• _WORK ITEM_
Among the lines below, the one containing "Hundehalstuch mit französischer" opens the range and the one containing "Sleep Token 2D" closes it. Print that range exactly, without the pictures.

• _DATA_
--------------------------------
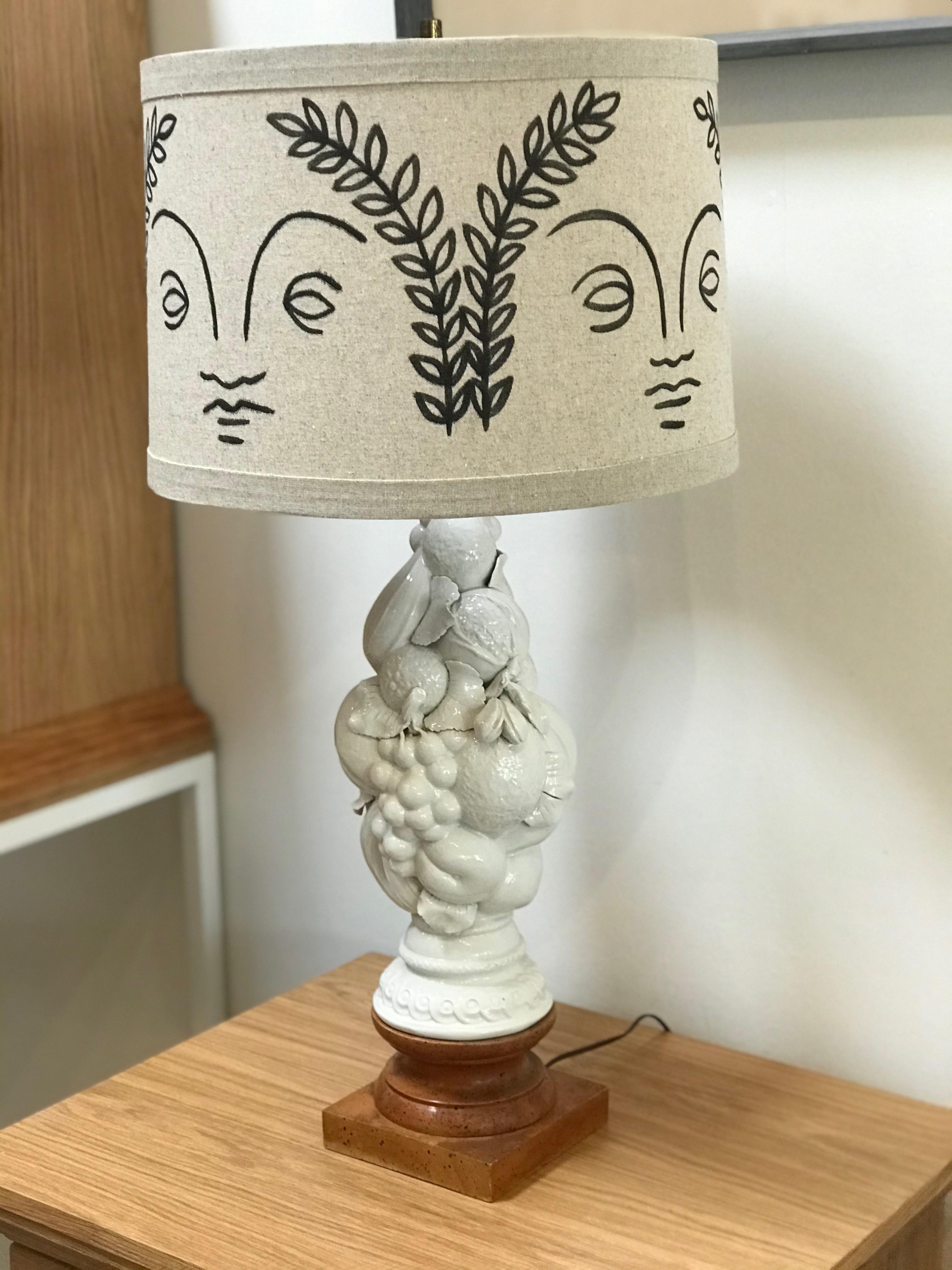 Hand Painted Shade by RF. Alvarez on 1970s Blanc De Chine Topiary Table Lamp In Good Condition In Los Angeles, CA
--------------------------------
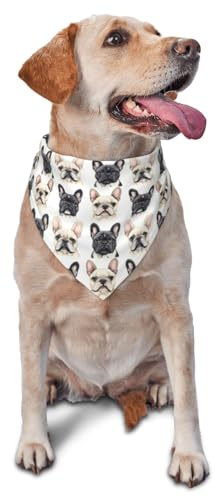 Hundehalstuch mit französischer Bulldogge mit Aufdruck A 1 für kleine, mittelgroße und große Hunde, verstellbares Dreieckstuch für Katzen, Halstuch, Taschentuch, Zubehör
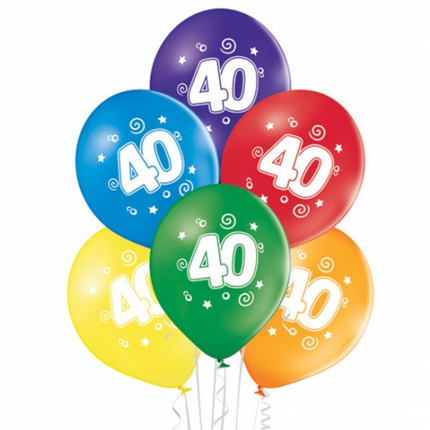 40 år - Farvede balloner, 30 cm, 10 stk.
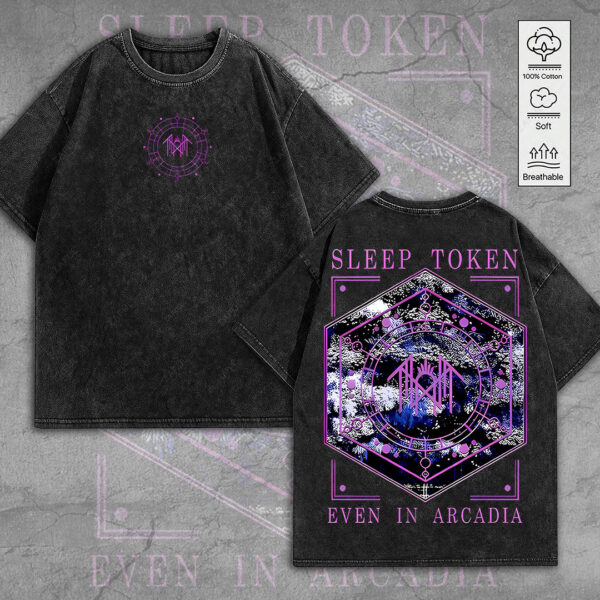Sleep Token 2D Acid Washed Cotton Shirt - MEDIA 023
--------------------------------
• _SOLVED EXERCISE_
 Hundehalstuch mit französischer Bulldogge mit Aufdruck A 1 für kleine, mittelgroße und große Hunde, verstellbares Dreieckstuch für Katzen, Halstuch, Taschentuch, Zubehör
 40 år - Farvede balloner, 30 cm, 10 stk.
Sleep Token 2D Acid Washed Cotton Shirt - MEDIA 023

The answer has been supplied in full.